NANZUKA presents the upcoming solo exhibition of new works by Ryuichi Ohira. This will be Ohira's first time exhibiting at NANZUKA.
Ryuichi Ohira was born in Tokyo in 1982, was raised in Chiba prefecture, and earned his doctorate at Tokyo University of the Arts.In addition to winning the Fumio Nanjo (Mori Art Museum Director) Prize at SICF 6th in 2005 and the Ataka Prize at the 54th Tokyo University of the Arts Graduation Works Exhibition in 2006, Ohira dedicated a statue of "Kan'nagara" to ?kunitama Shrine in 2010, participated in the large-scale solo exhibition B?ken Yar? at the Tsuruoka Art Forum in 2012, and exhibited and dedicated his piece "TONGARIMARU" at Yorishiro Project 2013 held at the world heritage site Kamigamo Shrine in 2013, showcasing his works already in a variety of modes through a number of different exhibitions and projects.
Ohira develops his works by breaking down and reassembling the non-physical, from things that affect people's automatic behaviors, to presences that have been made the subject of worship and faith from ancient times to today. His scientific review of what people perceive as the sublimity of shapes and spaces, of an unexplainable air or presence, is apparent in his works. For instance, "Belt Partition" (2005), a piece that emphasizes and reaffirms the effect of motif with a realistic replication of a partition, made out of carved and painted wood, that creates compartments and dividers;"Sanctuary" (2010), a piece in which two golden surveillance cameras carved out of wood are arranged in the manner of guardian dogs on shrine grounds, symbolically implying a sacred space; and the aforementioned piece dedicated to Kamigamo Shrine, "TONGARIMARU" (2013), in which he pursues an abstraction of the conical tatesuna (cones of sand), which are regarded as the shrine's yorishiro (a place where spirits manifest), breaking them down into two primary geometric forms―the triangle as seen from straight on and the circle as seen from above.

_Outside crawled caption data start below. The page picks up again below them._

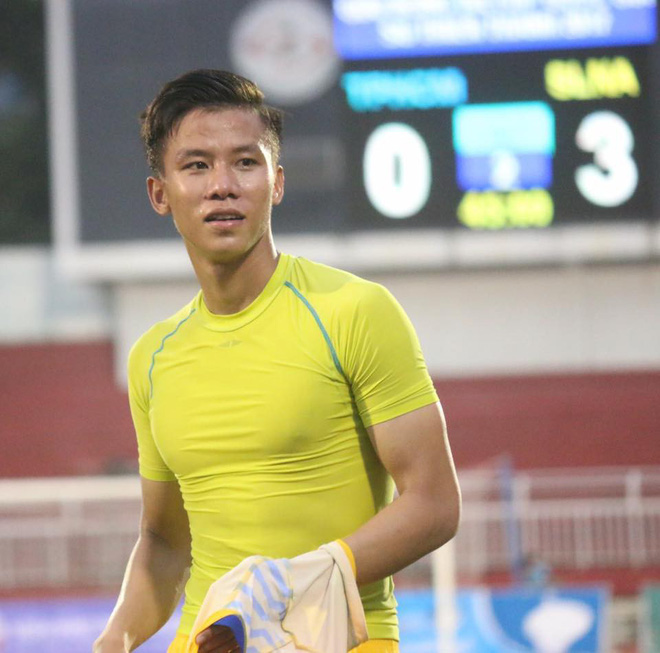 Cầu thủ điển trai Quế Ngọc Hải: Giặt đồ cho con vất vả hơn đá bóng 90 phút!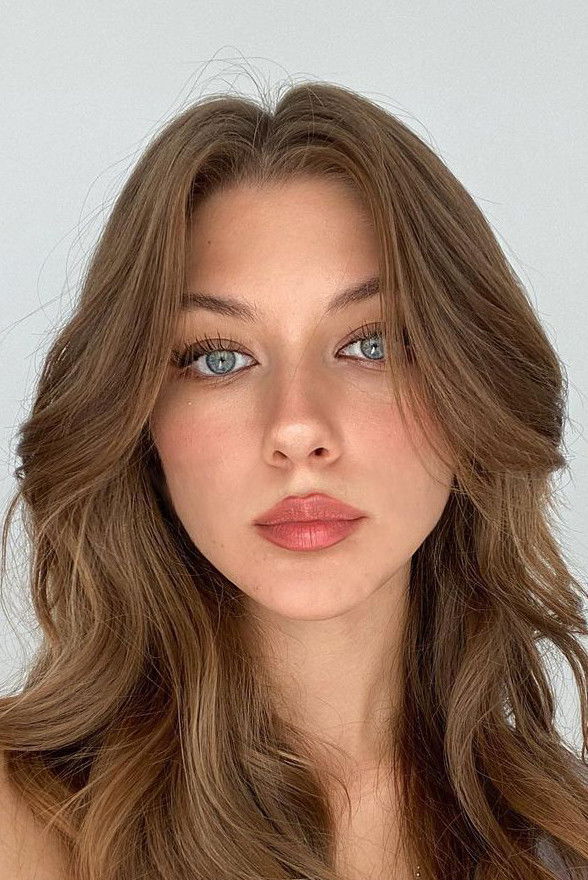 et billede af Selinay Taşol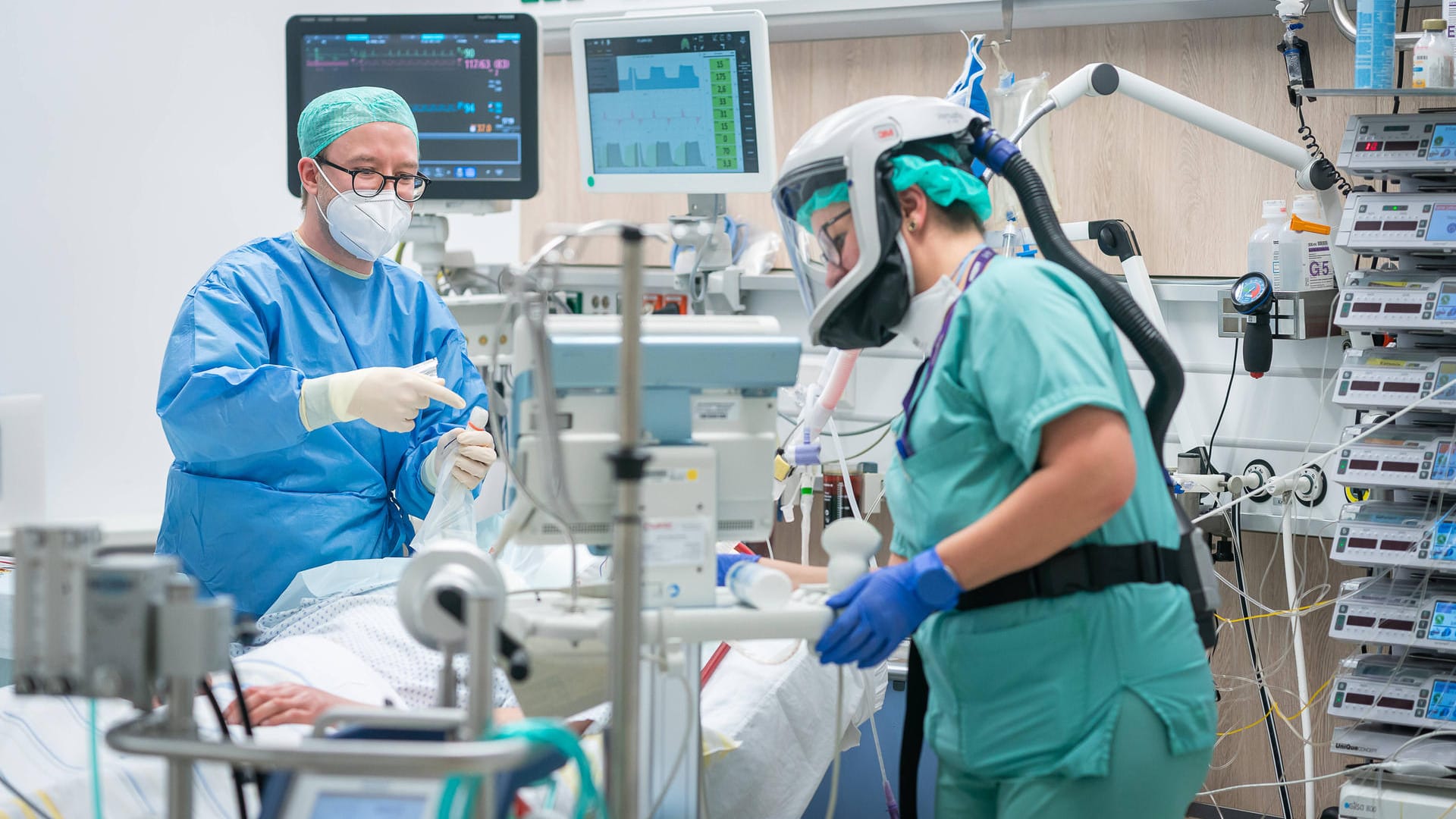 Covid-Intensivstation (Symbolbild): Aktuell sind die Zahlen der Covid-Intensivpatienten wieder so hoch wie vor einem Jahr.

This exhibition will consist of an installation of small to large, flat and three-dimensional woodcarvings and sculptures. There are some charred with abstract engravings, lines carved arbitrarily during the production process, and some charred with symbolic, figurative engravings; he adopts carbonization as a method that enables him to come and go freely between the intentional and the unintentional, without being subject to chance, daring to venture to uncontrollable realms within his work. One can sense that through these experimental works he takes on the anti-art ideas that came forth from Automatism, Dada, and Fluxus, the "sacred objects" and "secular objects" written about in Mircea Eliade's books, and Walter Benjamin's concept of "aura", and pursues the question of how the ineffable beauty and sublimity spoken of within all of these arise. Ohira presents us with the world of these pieces, burnt and blackened from his experimentation, under the guise of a "magnificent view".